A new study of the 2009 food poisoning epidemic concludes that consumers should not eat uncooked pre-packaged cookie dough and that manufacturers might want to reformulate raw cookie dough to make it safe to eat.
So our question is whether the food police’s pressure on the food industry to remove preservatives from processed food is making that food unnecessarily risky?
As Steve Milloy pointed out in “False Alarm: A Report on the Center for Science in the Public Interest, 1971-2006,” the food police launched the food preservative scare, which was subsequently exploited by the so-called “organic” or “natural” foods industry until it was was co-opted by the conventional food industry.
Are consumers now bearing the unnecessary risk?

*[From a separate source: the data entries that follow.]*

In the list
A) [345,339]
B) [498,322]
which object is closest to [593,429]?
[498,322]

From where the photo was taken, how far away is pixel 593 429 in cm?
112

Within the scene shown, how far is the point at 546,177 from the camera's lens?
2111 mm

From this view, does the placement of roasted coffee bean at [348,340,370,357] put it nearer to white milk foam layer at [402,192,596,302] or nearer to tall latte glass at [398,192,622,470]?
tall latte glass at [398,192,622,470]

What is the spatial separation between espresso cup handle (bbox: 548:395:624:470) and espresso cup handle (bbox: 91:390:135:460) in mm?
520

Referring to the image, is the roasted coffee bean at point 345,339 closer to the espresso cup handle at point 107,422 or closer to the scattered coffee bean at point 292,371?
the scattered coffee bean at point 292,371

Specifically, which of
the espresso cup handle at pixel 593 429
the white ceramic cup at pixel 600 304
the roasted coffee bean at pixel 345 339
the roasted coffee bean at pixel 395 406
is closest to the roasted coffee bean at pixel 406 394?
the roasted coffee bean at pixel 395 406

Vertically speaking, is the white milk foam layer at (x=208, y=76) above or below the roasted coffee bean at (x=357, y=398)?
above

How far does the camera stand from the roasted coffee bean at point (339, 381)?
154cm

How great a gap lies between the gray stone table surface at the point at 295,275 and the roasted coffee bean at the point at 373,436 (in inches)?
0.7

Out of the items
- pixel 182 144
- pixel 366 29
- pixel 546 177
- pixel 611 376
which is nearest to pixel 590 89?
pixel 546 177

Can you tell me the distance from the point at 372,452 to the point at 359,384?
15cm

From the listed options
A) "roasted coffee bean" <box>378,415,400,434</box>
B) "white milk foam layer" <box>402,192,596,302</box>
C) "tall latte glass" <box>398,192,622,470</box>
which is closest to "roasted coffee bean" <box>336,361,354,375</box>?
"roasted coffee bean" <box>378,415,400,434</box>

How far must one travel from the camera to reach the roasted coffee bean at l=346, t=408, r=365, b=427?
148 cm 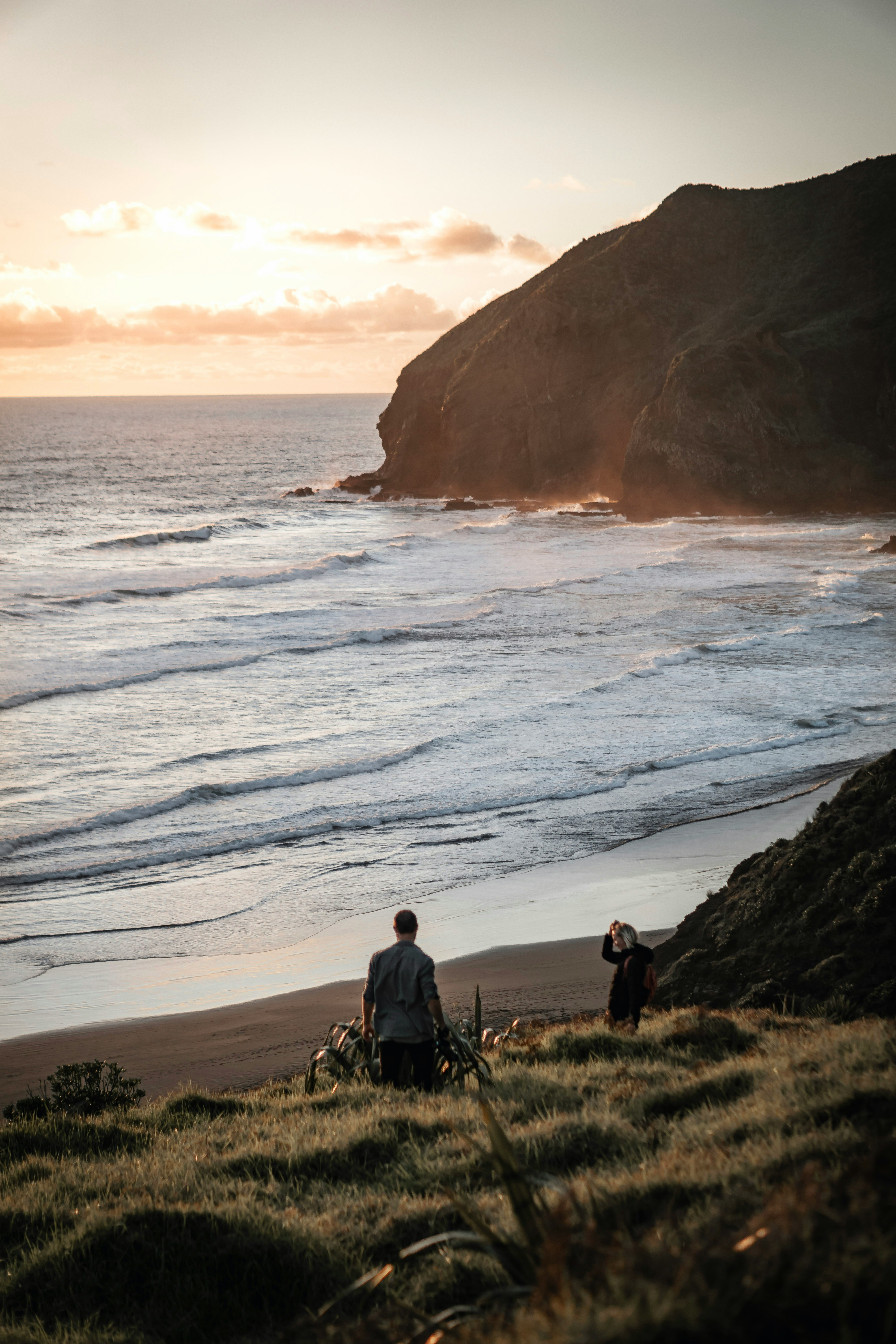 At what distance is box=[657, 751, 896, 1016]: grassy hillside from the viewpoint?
7473 millimetres

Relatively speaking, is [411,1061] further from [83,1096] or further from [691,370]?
[691,370]

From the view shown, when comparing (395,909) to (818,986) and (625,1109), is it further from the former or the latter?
(625,1109)

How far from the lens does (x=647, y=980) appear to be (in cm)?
760

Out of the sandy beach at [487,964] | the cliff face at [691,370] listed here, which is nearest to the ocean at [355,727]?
the sandy beach at [487,964]

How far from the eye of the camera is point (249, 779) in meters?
16.6

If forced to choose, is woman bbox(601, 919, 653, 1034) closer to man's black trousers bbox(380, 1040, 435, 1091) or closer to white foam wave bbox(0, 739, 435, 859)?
man's black trousers bbox(380, 1040, 435, 1091)

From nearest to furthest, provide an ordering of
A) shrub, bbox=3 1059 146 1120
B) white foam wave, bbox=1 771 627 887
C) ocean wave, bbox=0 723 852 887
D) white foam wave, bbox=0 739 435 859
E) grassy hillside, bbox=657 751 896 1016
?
shrub, bbox=3 1059 146 1120 < grassy hillside, bbox=657 751 896 1016 < white foam wave, bbox=1 771 627 887 < ocean wave, bbox=0 723 852 887 < white foam wave, bbox=0 739 435 859

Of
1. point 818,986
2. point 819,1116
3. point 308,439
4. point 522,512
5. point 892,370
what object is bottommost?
point 818,986

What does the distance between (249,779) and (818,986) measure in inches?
437

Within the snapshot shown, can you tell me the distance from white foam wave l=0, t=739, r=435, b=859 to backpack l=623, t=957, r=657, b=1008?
9.61 m

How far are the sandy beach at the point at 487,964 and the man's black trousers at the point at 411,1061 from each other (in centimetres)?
204

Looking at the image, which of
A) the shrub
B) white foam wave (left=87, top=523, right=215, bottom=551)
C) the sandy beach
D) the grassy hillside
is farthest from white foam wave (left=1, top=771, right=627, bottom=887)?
white foam wave (left=87, top=523, right=215, bottom=551)

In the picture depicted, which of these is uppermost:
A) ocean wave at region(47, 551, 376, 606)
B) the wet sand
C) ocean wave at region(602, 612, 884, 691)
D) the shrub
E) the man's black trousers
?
ocean wave at region(47, 551, 376, 606)

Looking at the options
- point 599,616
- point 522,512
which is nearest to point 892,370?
point 522,512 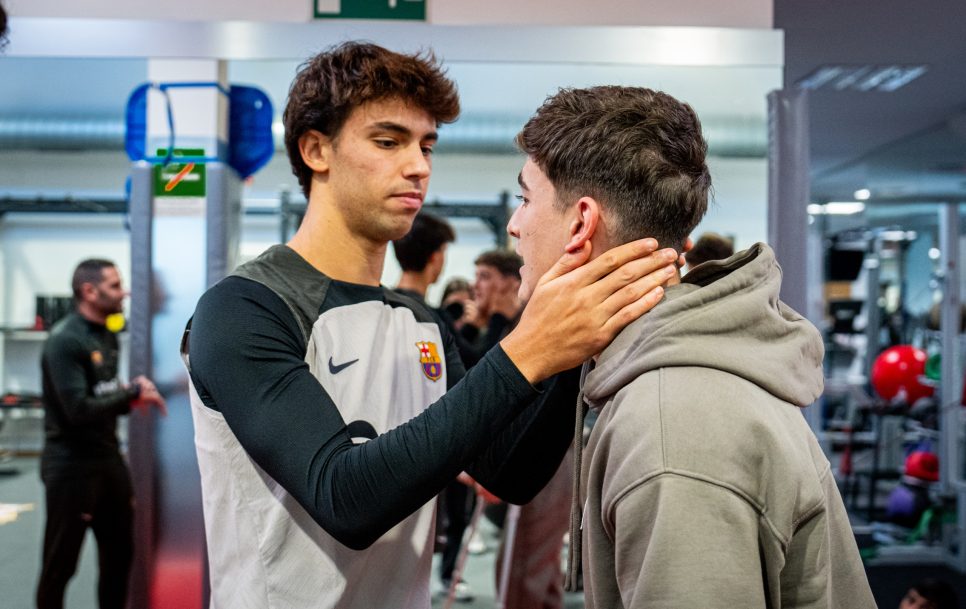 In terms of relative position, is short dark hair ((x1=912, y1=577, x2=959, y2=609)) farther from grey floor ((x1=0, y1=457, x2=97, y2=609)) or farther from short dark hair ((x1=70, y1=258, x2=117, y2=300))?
grey floor ((x1=0, y1=457, x2=97, y2=609))

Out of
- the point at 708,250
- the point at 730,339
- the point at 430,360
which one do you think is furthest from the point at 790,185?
the point at 730,339

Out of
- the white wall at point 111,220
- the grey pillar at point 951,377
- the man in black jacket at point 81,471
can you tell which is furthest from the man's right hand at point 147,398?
the white wall at point 111,220

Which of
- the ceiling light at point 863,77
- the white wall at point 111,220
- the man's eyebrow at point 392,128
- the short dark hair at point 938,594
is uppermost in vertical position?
the ceiling light at point 863,77

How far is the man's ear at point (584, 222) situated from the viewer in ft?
3.42

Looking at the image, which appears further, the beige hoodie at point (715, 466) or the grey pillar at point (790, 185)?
the grey pillar at point (790, 185)

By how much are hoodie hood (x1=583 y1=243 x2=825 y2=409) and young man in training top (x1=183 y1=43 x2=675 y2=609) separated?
0.04 meters

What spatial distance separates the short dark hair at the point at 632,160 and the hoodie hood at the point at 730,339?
0.30 feet

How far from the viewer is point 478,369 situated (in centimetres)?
103

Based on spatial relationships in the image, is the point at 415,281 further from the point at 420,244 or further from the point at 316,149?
the point at 316,149

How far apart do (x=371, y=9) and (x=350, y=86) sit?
6.35ft

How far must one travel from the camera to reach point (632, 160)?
1.04 m

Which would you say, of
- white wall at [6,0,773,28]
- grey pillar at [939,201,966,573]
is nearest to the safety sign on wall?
white wall at [6,0,773,28]

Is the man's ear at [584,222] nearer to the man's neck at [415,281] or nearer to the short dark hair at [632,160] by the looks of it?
the short dark hair at [632,160]

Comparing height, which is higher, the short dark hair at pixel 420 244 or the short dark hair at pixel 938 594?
the short dark hair at pixel 420 244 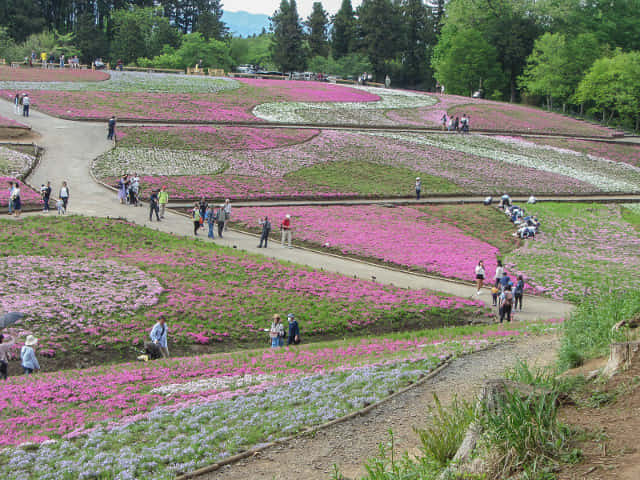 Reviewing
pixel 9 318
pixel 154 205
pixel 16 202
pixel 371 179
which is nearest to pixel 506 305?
pixel 9 318

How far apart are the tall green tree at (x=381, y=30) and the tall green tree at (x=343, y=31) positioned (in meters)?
6.89

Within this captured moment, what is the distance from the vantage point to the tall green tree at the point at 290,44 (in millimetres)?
122750

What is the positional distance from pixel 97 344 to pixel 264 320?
5.66 m

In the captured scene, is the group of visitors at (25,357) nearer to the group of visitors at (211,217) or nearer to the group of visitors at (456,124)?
the group of visitors at (211,217)

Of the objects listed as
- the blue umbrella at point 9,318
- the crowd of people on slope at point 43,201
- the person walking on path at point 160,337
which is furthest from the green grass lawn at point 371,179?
the blue umbrella at point 9,318

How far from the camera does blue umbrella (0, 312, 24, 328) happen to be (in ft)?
67.7

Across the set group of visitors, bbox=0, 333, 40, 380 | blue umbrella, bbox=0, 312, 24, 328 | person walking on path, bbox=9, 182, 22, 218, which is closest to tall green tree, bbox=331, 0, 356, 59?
person walking on path, bbox=9, 182, 22, 218

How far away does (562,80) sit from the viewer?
98062mm

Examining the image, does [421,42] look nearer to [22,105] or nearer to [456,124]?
[456,124]

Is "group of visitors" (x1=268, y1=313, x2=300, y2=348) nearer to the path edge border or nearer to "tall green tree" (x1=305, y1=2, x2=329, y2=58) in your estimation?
the path edge border

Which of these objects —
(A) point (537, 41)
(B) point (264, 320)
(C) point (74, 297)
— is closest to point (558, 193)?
(B) point (264, 320)

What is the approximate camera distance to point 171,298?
81.9 feet

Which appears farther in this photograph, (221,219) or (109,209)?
(109,209)

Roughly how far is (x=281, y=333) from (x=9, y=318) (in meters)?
8.28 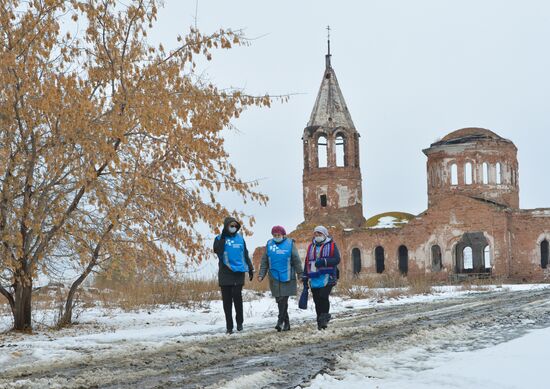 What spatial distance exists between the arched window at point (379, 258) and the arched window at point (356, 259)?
1.03 m

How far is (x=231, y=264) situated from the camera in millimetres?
12141

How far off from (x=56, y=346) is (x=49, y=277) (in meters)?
3.53

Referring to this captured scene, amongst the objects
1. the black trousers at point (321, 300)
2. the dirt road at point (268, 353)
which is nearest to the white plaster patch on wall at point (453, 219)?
the dirt road at point (268, 353)

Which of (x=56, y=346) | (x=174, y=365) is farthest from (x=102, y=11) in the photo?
(x=174, y=365)

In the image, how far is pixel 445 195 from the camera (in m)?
44.8

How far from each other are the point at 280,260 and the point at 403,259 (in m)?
32.9

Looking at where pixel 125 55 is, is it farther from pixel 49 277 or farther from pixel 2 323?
pixel 2 323

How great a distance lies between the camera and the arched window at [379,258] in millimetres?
44312

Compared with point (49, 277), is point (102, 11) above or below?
above

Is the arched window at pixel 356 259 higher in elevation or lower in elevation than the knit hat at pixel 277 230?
lower

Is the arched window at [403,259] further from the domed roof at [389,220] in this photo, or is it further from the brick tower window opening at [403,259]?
the domed roof at [389,220]

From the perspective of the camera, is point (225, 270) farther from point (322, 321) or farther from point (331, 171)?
point (331, 171)

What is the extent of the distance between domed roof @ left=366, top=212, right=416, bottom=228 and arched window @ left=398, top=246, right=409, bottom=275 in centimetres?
144

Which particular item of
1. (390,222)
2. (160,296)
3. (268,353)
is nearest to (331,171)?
(390,222) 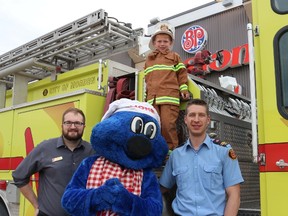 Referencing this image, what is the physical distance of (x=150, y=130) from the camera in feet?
8.23

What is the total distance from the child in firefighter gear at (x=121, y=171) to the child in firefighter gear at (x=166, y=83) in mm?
398

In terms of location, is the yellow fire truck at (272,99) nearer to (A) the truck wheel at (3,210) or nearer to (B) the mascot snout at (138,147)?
(B) the mascot snout at (138,147)

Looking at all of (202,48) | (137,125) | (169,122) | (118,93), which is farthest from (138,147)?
(202,48)

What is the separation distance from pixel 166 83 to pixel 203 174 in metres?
0.96

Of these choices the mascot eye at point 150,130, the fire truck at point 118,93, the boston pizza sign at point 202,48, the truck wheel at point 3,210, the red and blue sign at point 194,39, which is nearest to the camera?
the fire truck at point 118,93

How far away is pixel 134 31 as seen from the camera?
15.2ft

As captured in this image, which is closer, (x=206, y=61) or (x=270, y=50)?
(x=270, y=50)

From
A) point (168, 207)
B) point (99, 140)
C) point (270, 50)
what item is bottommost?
point (168, 207)

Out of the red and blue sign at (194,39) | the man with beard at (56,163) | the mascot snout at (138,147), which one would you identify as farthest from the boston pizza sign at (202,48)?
the mascot snout at (138,147)

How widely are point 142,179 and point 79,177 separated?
41 cm

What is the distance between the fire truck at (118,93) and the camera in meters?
2.36

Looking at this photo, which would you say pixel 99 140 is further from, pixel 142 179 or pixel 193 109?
pixel 193 109

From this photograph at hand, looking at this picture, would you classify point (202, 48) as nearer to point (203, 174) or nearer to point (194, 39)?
point (194, 39)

The media release is below:
Ready-to-bake cookie dough not ready-to-eat, study of E. coli outbreak finds
Consumer education and manufacturing changes may help prevent illness
[EMBARGOED FOR DEC. 9, 2011] The investigation of a 2009 multistate outbreak of Shiga toxin-producing Escherichia coli (STEC), an important cause of bacterial gastrointestinal illness, led to a new culprit: ready-to-bake commercial prepackaged cookie dough. Published in Clinical Infectious Diseases and available online, a new report describing the outbreak offers recommendations for prevention, including a stronger message for consumers: Don’t eat prepackaged cookie dough before it’s baked.
The report’s authors, led by Karen Neil, MD, MSPH, and colleagues at the Centers for Disease Control and Prevention and at state health departments, reached two key conclusions: 1) manufacturers of cookie dough should consider reformulating their product to make it as safe as a ready-to-eat product and 2) more effective consumer education about the risks of consuming unbaked goods is needed. During the 2009 outbreak, 77 patients with illnesses were identified in 30 states, and 35 people were hospitalized.
Previous E. coli-related food-borne illnesses have been associated with ground beef, leafy green vegetables, sprouts, melons, salami, and unpasteurized apple cider. The 2009 investigation, which involved extensive traceback, laboratory, and environmental analysis, led to a recall of 3.6 million packages of the cookie dough. However, no single source, vehicle, or production process associated with the dough could be identified for certain to have contributed to the contamination.
Dr. Neil and colleagues suspected that one of the ingredients used to produce the dough was contaminated. Their investigation didn’t conclusively implicate flour, but it remains the prime suspect. They pointed out that a single purchase of contaminated flour might have been used to manufacture multiple lots and varieties of dough over a period of time as suggested by the use-by dates on the contaminated product.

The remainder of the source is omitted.